To tackle the debt level, Prime Minister John Key has proposed the sale of the government’s stake in many companies. According to his plan, New Zealand will reduce its interest to 50% in companies such as Mighty River Power Ltd, Meridian Energy Ltd and Solid Energy from the current 100%. He also announced that the government will reduce its stake in a state-owned airline company. The government estimates that it will raise nearly $5.46 billion over the next three to five years and help balance New Zealand’s budget by 2014.


In other developments, labor market conditions in New Zealand remained relatively weak despite an uptick in the agriculture and export sectors. The country’s unemployment rate stood at 6.6% in October according to a government report. Measures of business and consumer confidence have trended steadily downward in the past two months according to a report cited by Bloomberg.


During December, New Zealand reported that its third quarter GDP for the three months ending September inched up 0.8%, beating a survey by Bloomberg that had predicted a median estimate of 0.6%. New Zealand’s third quarter GDP had a significant boost from the Rugby Union World Cup that brought in thousands of tourists from many parts of the world.


 

Hong Kong: Stress on tourism and retail industries rise

Hong Kong’s economy faced headwinds during the fourth quarter as export growth remained volatile and industrial output slowed.
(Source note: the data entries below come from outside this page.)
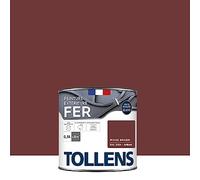 Tollens - Peinture extérieure fer 2 en 1 - Ultra Résistante - Protection antirouille - Laque Riche en Résine - Sans Sous-Couche - Entretien Facile - Satin - Rouge Basque - 0,5L = 8m2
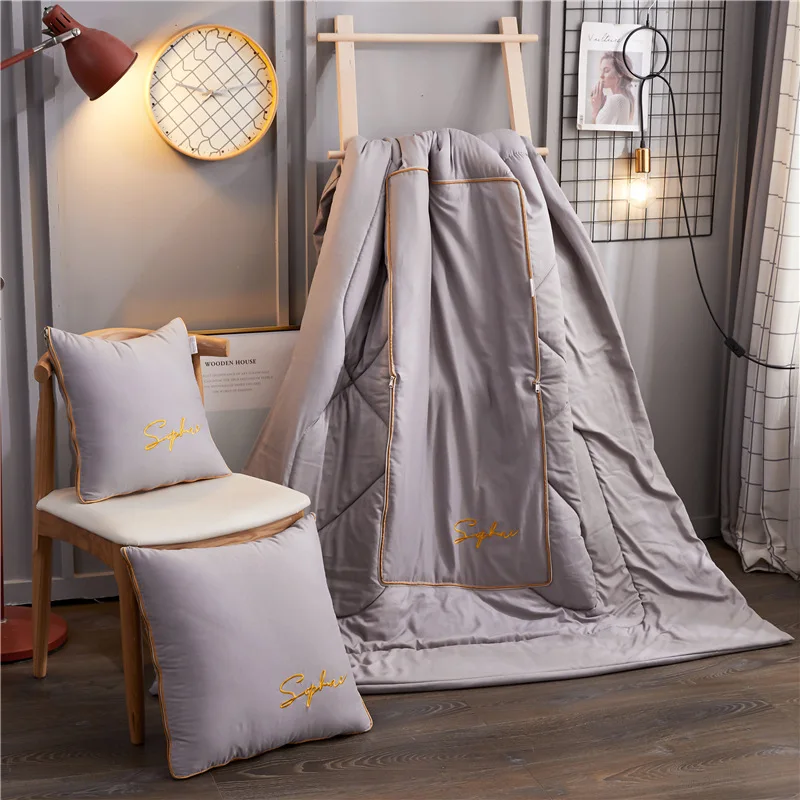 Nordic Light Luxury Style 3D Embroidery Cushion Blanket, Car, Office, Foldable Air-Conditioning Quilt, Living Room Sofa Pillow 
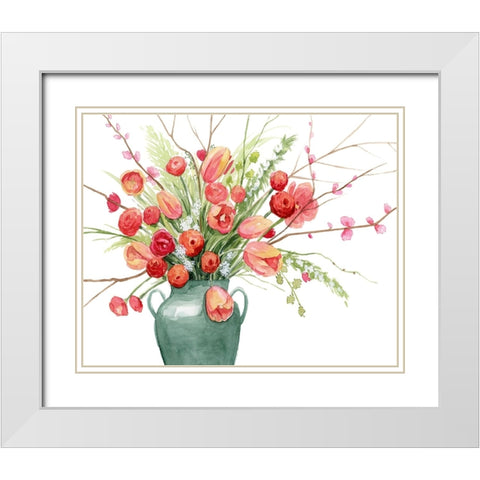 Vogue Bouquet II White Modern Wood Framed Art Print with Double Matting by Popp, Grace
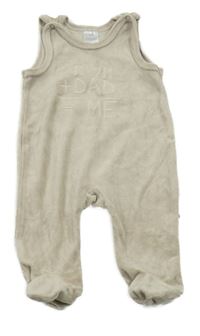 Světlehnědé sametové dupačky s nápisem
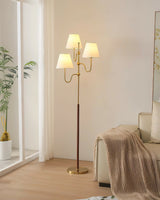 Modern Triple Shade Serenade Floor Lamp with Walnut Wood and Gold Iron Base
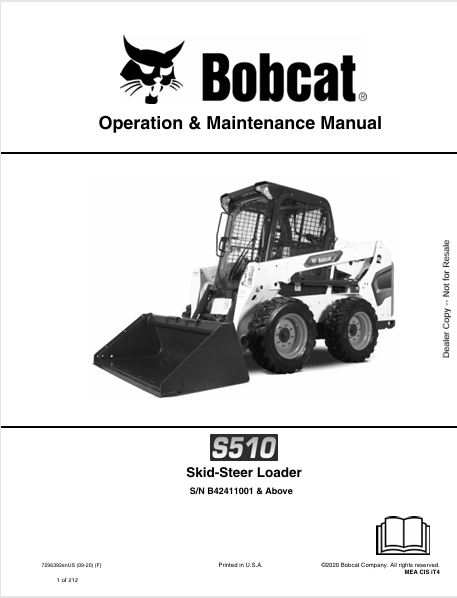 BOBCAT S510 SKID-STEER LOADER OPERATION & MAINTENANCE MANUAL (7296392) - PDF FILE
Although exports from the islands jumped 11.5% in October due to rising demand from China, Hong Kong had experienced slowing exports in the previous months. Hong Kong’s exports fell in September, the first drop in monthly export figures in nearly two years, on weak demand from China and the European Union.


Adding to the uncertainty in the economy was Hong Kong’s zealous attempts to ward off a bubble in the housing market. Prices of apartments in Hong Kong have zoomed almost 70% since 2009 on the back of low mortgage rates, an acute shortage of houses, and soaring demand from rich mainland Chinese. Over the past six months, Hong Kong’s government had initiated several measures to control the bubble in property markets by raising down payments and bringing in more land to boost the supply of housing facilities. As a result of these measures, the housing market slowed considerable. Property and construction firms reported a 41% plunge in the number of transactions as of November according to Bloomberg.


Even the tourism and retail industries, which helped the island escape a technical recession during the third quarter have started showing increasing signs of a slowdown. Hong Kong’s retail sales growth cooled for the third consecutive month in October primarily due to a slowdown in the tourism industry. Retail sales in October still grew 23% but were down from the almost 30% witnessed during the second quarter of this year.


The retail and the tourism industries had so far helped Hong Kong keep its jobless rate at 3.2%, a 13-year low for the greater part of the year. But with these two key industries slowing, unemployment in the financial center rose to 3.4% in November. Private economists surveyed by Bloomberg expect unemployment to climb to 3.8% by the end of 2012.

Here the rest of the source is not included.